The Marcellus Shale formation was created about 390 million years ago and took 20 million years to form, said Jim Coleman, research geologist for the USGS. Marcellus was formed at the same time as the Appalachian mountains as continents came together. The Taylorsville basin and the Delmarva basins were created by the expansion of the earth’s crust, Coleman said.
Marcellus Shale and the gas deposits under Southern Maryland are equally accessible, depending on the various state regulations, roadwork and waterways, Coleman said.
The potential for hydraulic fracturing — called fracking, a process in which water mixed with chemicals and sand is injected deep into the formation to force natural gas to the surface — in Western Maryland prompted Gov. Martin O’Malley (D) to issue an executive order, the Marcellus Shale Safe Drilling Initiative, in 2011, which mandated the formation of the Governor’s Shale Advisory Commission and multiple state reports on the impacts of fracking and recommended best practices. Although there is a moratorium on fracking in Maryland, the potential and possibility for the resources available in the state have some concerned about how the process could affect the lives of Marylanders, by the state’s analysis of fracking in Western Maryland and in Southern Maryland as well.
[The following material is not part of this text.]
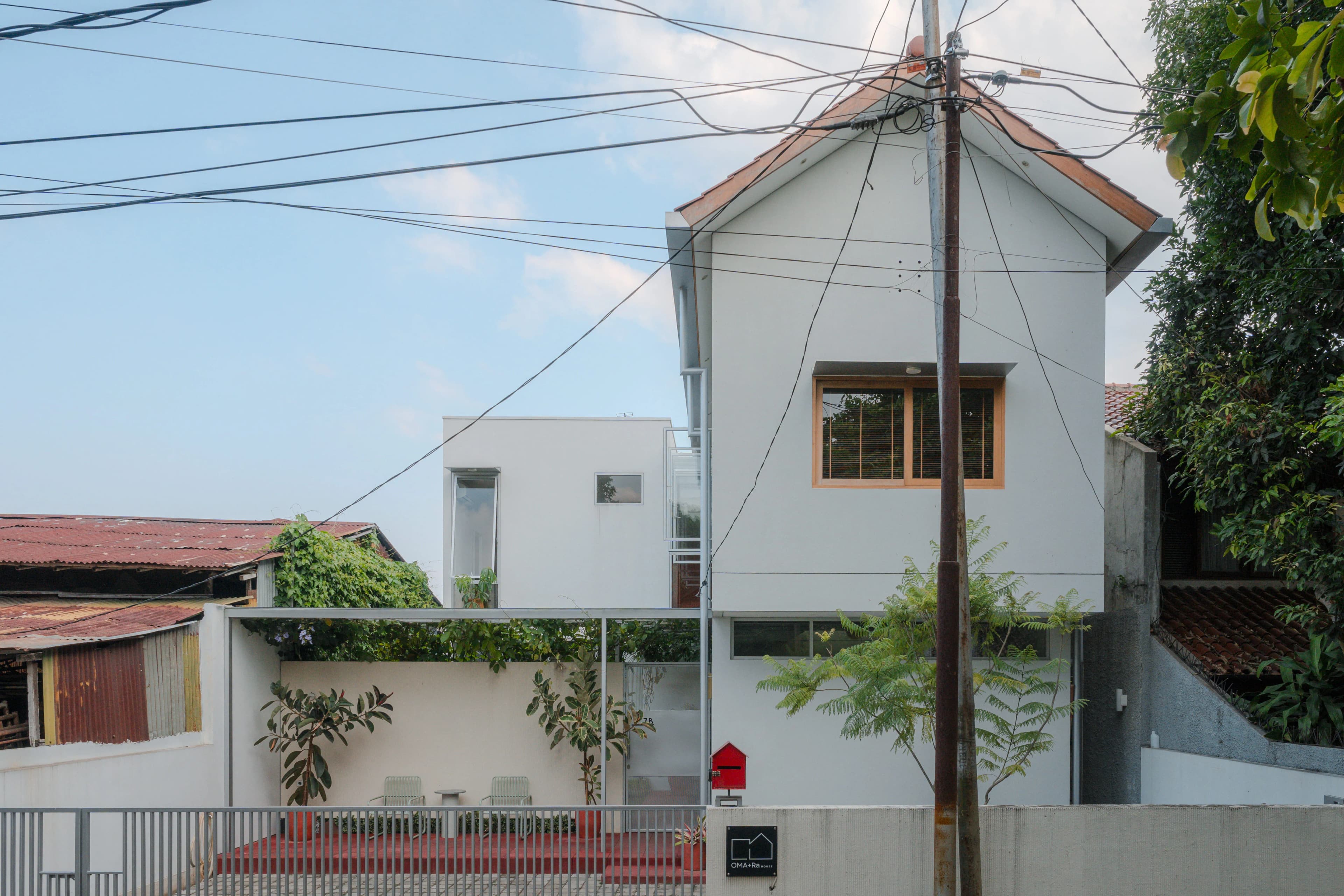 OMARA HOUSE mobile 3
“Water and chemicals into the earth is a permanent change in the nature of the land,” said Bonnie Bick, conservation chairwoman of the Southern Maryland Sierra Club.
How they do it
Although fracking has been done for decades, relatively new technology was developed for the oil and gas industry to dig deeper than ever before in the early 2000s — and horizontally — said Jorge Aguilar, Southern region director for Food and Water Watch.
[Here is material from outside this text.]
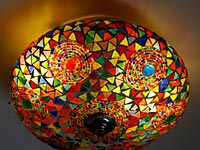 kleurrijke plafondlamp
Horizontal fracking means only one well has to be drilled to frack in multiple directions, said Drew Cobbs, executive director for the Maryland Petroleum Council. Horizontal fracking has less effect on the surface, as strictly vertical fracking causes a “Swiss cheese” effect.
Before, drilling could only go 2 to 5 miles underground, but the new technology allowed depths of about 25 miles, Aguilar said.
Each frack is done a section at a time, forcing chemicals, sand and water miles under the ground. The chemicals include benzyne and hydrochloric acid, Aguilar said, but Cobbs said the solution injected into the ground is mostly water, and the well casings are designed to protect the harmful chemicals from infiltrating into the groundwater supply.
The objective of fracking is to inject the sand and water under very high pressure to break the rock, Coleman said.
The fracking itself happens in a relatively short period of time, and then the well can produce for years. As the process is so new, it’s not yet known what the average production length is, Cobbs said.